Search code examples
matlabcsvtextscan

Reading large amount of data stored in lines from csv


I need to read in a lot of data (~10^6 data points) from a *.csv-file.

  • the data is stored in lines
  • I can't know how many data points per line and how many lines are there before I read it in
  • the amount of data points per line can be different for each line

So the *.csv-file could look like this:

x Header

x1,x2

y Header

y1,y2,y3, ...

z Header

z1,z2

...

Right now I read in every line as string and split it at every comma. This is what my code looks like:

index = 1;
headerLine = textscan(csvFileHandle,'%s',1,'Delimiter','\n');

while ~isempty(headerLine{1})

    dummy = textscan(csvFileHandle,'%s',1,'Delimiter','\n', ...
                'BufSize',2^31 - 1);
    rawData(index) = textscan(dummy{1}{1},'%f','Delimiter',',');
    headerLine = textscan(csvFileHandle,'%s',1,'Delimiter','\n');

    index = index + 1;
end

It's working, but it's pretty slow. Most of the time is used while splitting the string with textscan. (~95%). I preallocated rawData with sample data, but it brought next to nothing for the speed.

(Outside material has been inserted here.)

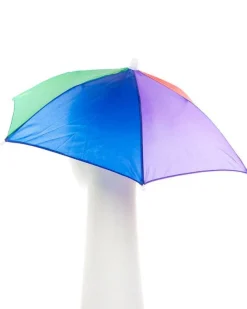 Rainbow Umbrella Hat
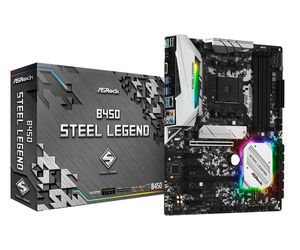 Asrock B450 Steel Legend AMD B450 Socket AM4 ATX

Is there a better way than mine to read in something like this?

If not, is there a faster way to split this string?


Solution

  • First suggestion: to read a single line as a string when looping over a file, just use fgetl (returns a nice single string so no faffing with cell arrays).

    Also, you might consider (if possible), reading everything in a single go rather than making repeating reads from file:

    output = textscan(fid, '%*s%s','Delimiter','\n');  % skips headers with *
    

    If the file is so big that you can't do everything at once, try to read in blocks (e.g. tackle 1000 lines at a time, parsing data as you go).

    For converting the string, there are the options of str2num or strsplit+str2double but the only thing I can think of that might be slightly quicker than textscan is sscanf. Since this doesn't accept the delimiter as a separate input put it in the format string (the last value doesn't end with ,, true, but sscanf can handle that).

    for n = 1:length(output);
        data{n} = sscanf(output{n},'%f,');
    end
    

    Tests with a limited patch of test data suggests sscanf is a bit quicker (but might depend on machine/version/data sizes).